Weil weder die Unternehmen noch die peruanische Regierung helfen, entwickeln die Alpaqueros und Alpaqueras eigene Strategien, um zu überleben. Timoteo Condori hat mithilfe der NGO Descosur Teiche angelegt, um das Regenwasser besser zu halten. «Wir kümmern uns um die Quellen, deren Wasser auch die Städte erreicht», sagt er. «Der Staat sollte uns dafür bezahlen.» Als Ersatz für das schwindende Gras hat Descosur eine Pflanze gefunden, die von den Indigenen früher bereits genutzt wurde, aber in Vergessenheit geraten ist: Bofedales funktionieren wie Schwämme, sie bewahren das Regenwasser davor, zu schnell zu versickern.
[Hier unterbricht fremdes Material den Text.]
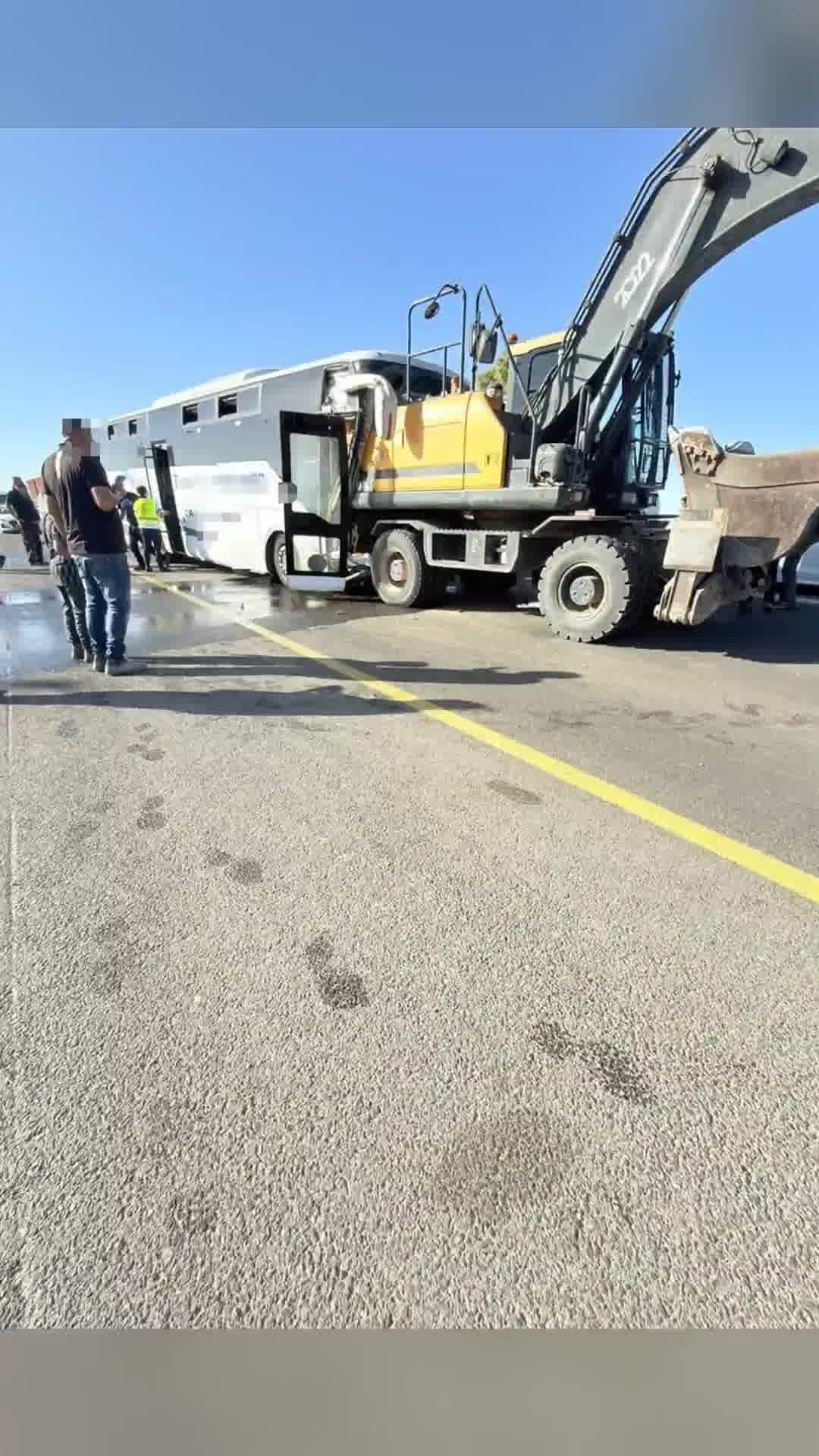 התאונה בנגב: אוטובוס שהסיע ילדים התנגש בטרקטור מאחור, אחד הפצועים במצב אנוש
Fabiana Inesa Nina Cotipa hat sich einem Frauenkollektiv angeschlossen, das Alpakavlies gemeinsam verarbeitet und verkauft. Aus der Wolle stellen sie Kleidung her, die sie für sieben bis neun Franken an Tourist:innen verkaufen. Es ist ihr Versuch, ohne Zwischenhändler und Unternehmen vom Alpakageschäft zu leben. Cotipa zeigt stolz auf den schwarzen Schal, an dem sie strickt. Die Wolle dafür hat sie selbst geschoren, gewaschen und zu einem Doppelfaden gesponnen. Das schwarze Alpaka, von dem die Wolle stammt, mampft hinter ihr zufrieden an einem Stängel Luzerne.